A week ago, I thought that I would look for material discussing the first
ever implementation of Prolog. It turns out that the
Fortran implementation1 was not the first, as per CoPilot. I found a
paper
written by Alain Colmerauer and Philippe Roussel - actually two versions of
the same paper - that states
During the fall of 1972, the first Prolog system was implemented by
Philippe in Niklaus Wirt's [sic]
language Algol-W ... From June to the end of the year [1973], Gérard
Battani, Henry Meloni, and René Bazzoli, postgraduate students at the time,
wrote the interpreter in FORTRAN and its supervisor in Prolog.
At the end of the paper, a very simple database was shown that contains data
regarding flights from Marseille to Paris and thence to London (there should
have been also flights from London to Edinburgh, so that one could travel
from from Marseille to Edinburgh, the two main locations for Prolog
development). I thought that it would be interesting to see how CP Prolog
would handle this so I created a small text file with a few of the facts and
fed it in. To my surprise, no syntax errors were detected and one could
actually query the facts successfully.
flight (paris, london, 00:30, 03:00).
flight (paris, london, 09:30, 12:00).
flight (marseille, paris, 06:00, 07:00).
route (A, B, Min, T1, T2):- flight (A, B, T1, T2), Min < T1.

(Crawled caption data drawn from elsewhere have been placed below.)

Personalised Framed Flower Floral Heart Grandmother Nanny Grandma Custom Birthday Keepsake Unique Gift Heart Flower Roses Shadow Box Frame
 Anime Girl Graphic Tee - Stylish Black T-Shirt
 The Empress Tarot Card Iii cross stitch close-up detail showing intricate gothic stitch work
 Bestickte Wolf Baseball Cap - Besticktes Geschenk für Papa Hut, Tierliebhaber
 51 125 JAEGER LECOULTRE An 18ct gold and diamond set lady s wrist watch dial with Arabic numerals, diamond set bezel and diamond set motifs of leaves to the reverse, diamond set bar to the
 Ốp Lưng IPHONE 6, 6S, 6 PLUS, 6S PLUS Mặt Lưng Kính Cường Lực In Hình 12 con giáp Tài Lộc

route (A, B, Min, T1, T3):- flight (A, X, T1, T2), Min < T1,
route(X, B, T2, T2a, T3), T2 < T2a.
% sample query:
% ?- route (marseille, london, 03:00, Departure, Arrival).
% Departure = 06:00
% Arrival = 12:00
Much later I thought of a few problems with this very simple database. The
first is trivial: CP Prolog is unaware of a 24 hour clock (or indeed of any
clock), so a flight that has a departure time of 22:00 and an arrival time
of 00:30 would appear to arrive before it departs!
The second problem is much deeper: the database does not take into account
the fact that one should be in the airport three hours prior to an
international flight, and that it takes a finite amount of time to get from
wherever (home, university) to the airport. This implies that there should
be a clause in the 'route' rule along the lines of (T1 - Min) > 3.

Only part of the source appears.